Clarity on default initialization in pytorch

According to the documentation for torch.nn, the default initialization uses a uniform distribution bounded by 1/sqrt(in_features), but this code appears to show the default initialization as Kaiming uniform. Am I correct in thinking these are not the same thing? And if so, perhaps the documentation can be updated?

Does anyone know the motivation for this choice of default? In particular, the code appears to define a negative slope for the subsequent nonlinearity of sqrt(5), whereas the default negative slope for a leaky relu in pytorch is 0.01. Also, does anyone know how this negative slope is actually incorporated into the initialization?

4 Likes

Hi,

Let me explain it step by step.

  1. Here is kaiming_uniform_.



    Where negative_slope=sqrt(5) so the gain=sqrt(2/6)=1/sqrt(3) for kaiming.
    If we replace this in bound formula, we get bound = [1/sqrt(3) ] * [sqrt(3/ fan_in)] which with a little simplification, it will be bound = 1/sqrt(fan_in) which can be represented by bound^2 = 1 / fan_in.

  2. In linear implementation code you referenced:
    image

So what we have here is that k= 1/in_feautres which in case of kaming it can be represented k=1/fan_in. Also, we want a boundary of [-sqrt(k), sqrt(k)] where k = bound^2= 1 / fan_in from step 1.

For simplcity, just replace sqrt(5) in gain formula then optain bound in kaiming_uniform_ and replace the bound as k in linear.

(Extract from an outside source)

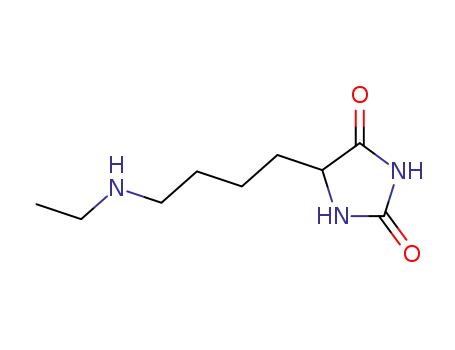 Molecular Structure of 805946-35-4 (5-[4-(Ethylamino)butyl]hydantoin)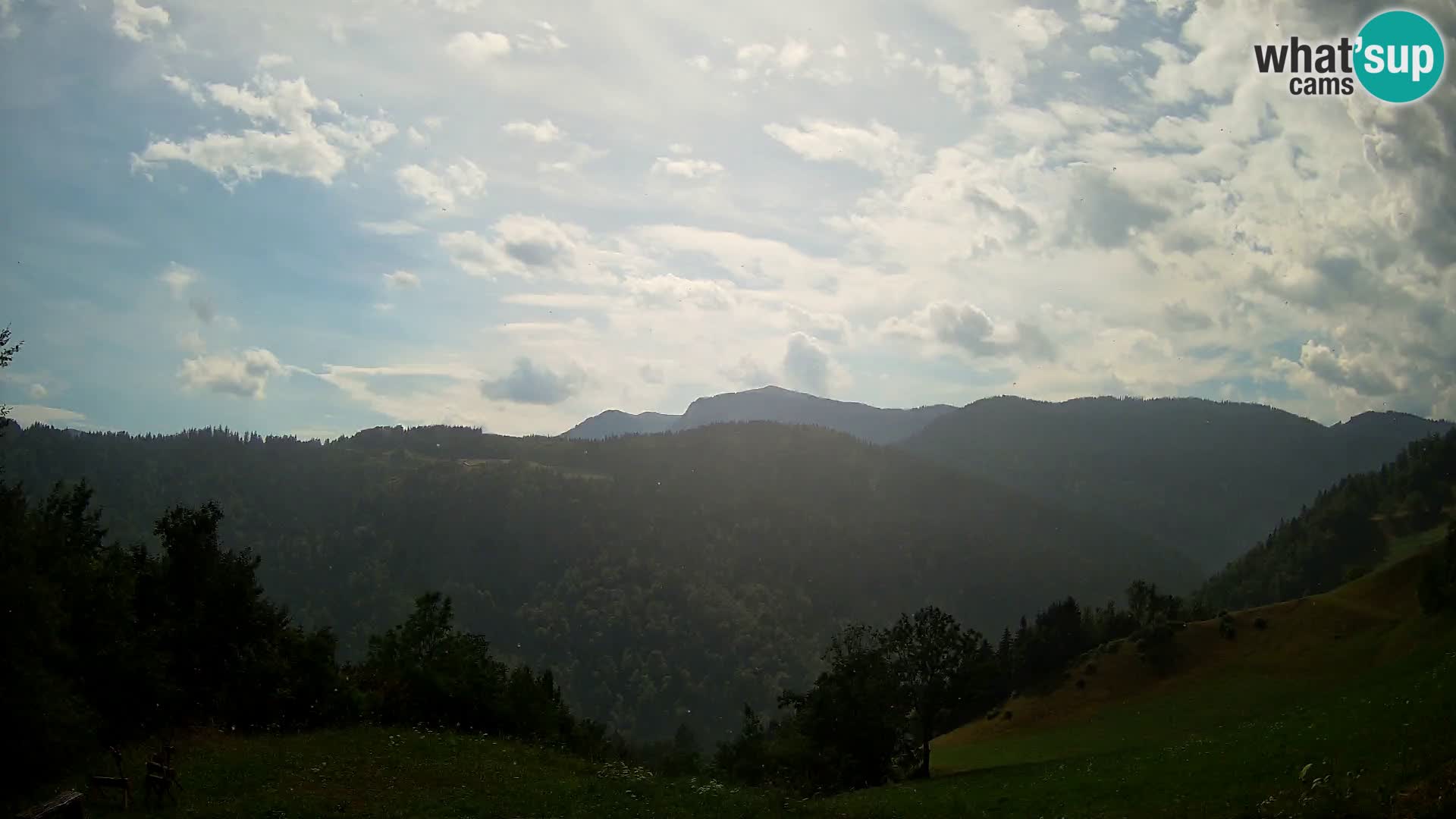 Webcam Brunarica Dražgoše – Live View of Ratitovec (1666 m)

Edit: Add some related posts

  1. Kaiming init of conv and linear layers, why gain = sqrt(5) ¡ Issue #15314 ¡ pytorch/pytorch ¡ GitHub
  2. Why the default negative_slope for kaiming_uniform initialization of Convolution and Linear layers is √5?

Bests

3 Likes

Thanks so much for this very thorough explanation. So, if I understand correctly, this achieves what is described in the documentation (parameters drawn from uniform distribution bounded by 1/sqrt(in_features)), but in a kind of circuitous way. Although this approach uses the init.kaiming_uniform_ function, it is not actually Kaiming initialization (in the scenario where the subsequent nonlinearity is a ReLU). To get Kaiming initialization for a ReLU layer, one would need to re-initialize the weights using init.kaiming_uniform_ with nonlinearity set to ‘relu’. init Is that correct?

1 Like

You are welcome.
I think so, actually if you read the paper that introduces kaiming or he, its main advantage is that defines uniform distribution in the way that enables deep NNs with many layers to converge faster, so it is kind of super class of basic uniform as it can be obtained from kaiming_uniform. So, that is why I think if you define a small model using this approach, it won’t hurt the model’s performance and maybe because of this logic, it is the default init method(simplicity purposes without loosing performance).
But as you mentioned, logically gain for different activation functions are different and need to be incorporated.

1 Like

So what happened is that there were initializations in Torch7.
These have later been expressed as calls to kaiming_uniform.
But so there is not as much relation to the ideas of He’s paper as the use of the function might suggest.
At some point people thought changing the init were a good idea. But it seems that that’s something everyone wants to have done but noone wants to actually do.

Best regards

Thomas

2 Likes

Hi,

As i understand from this, linear layers are initialized by kaiming initialization. This initialization is supposed to give output tensors of mean 0 and std 1.
However, I noticed some contradicting stuff–

>>> k=nn.Linear(512,512)
>>> k1=torch.rand(512)
>>> out=k(k1)
>>> print(out.std(),out.mean())
tensor(0.3505, grad_fn=<StdBackward0>) tensor(0.0181, grad_fn=<MeanBackward0>)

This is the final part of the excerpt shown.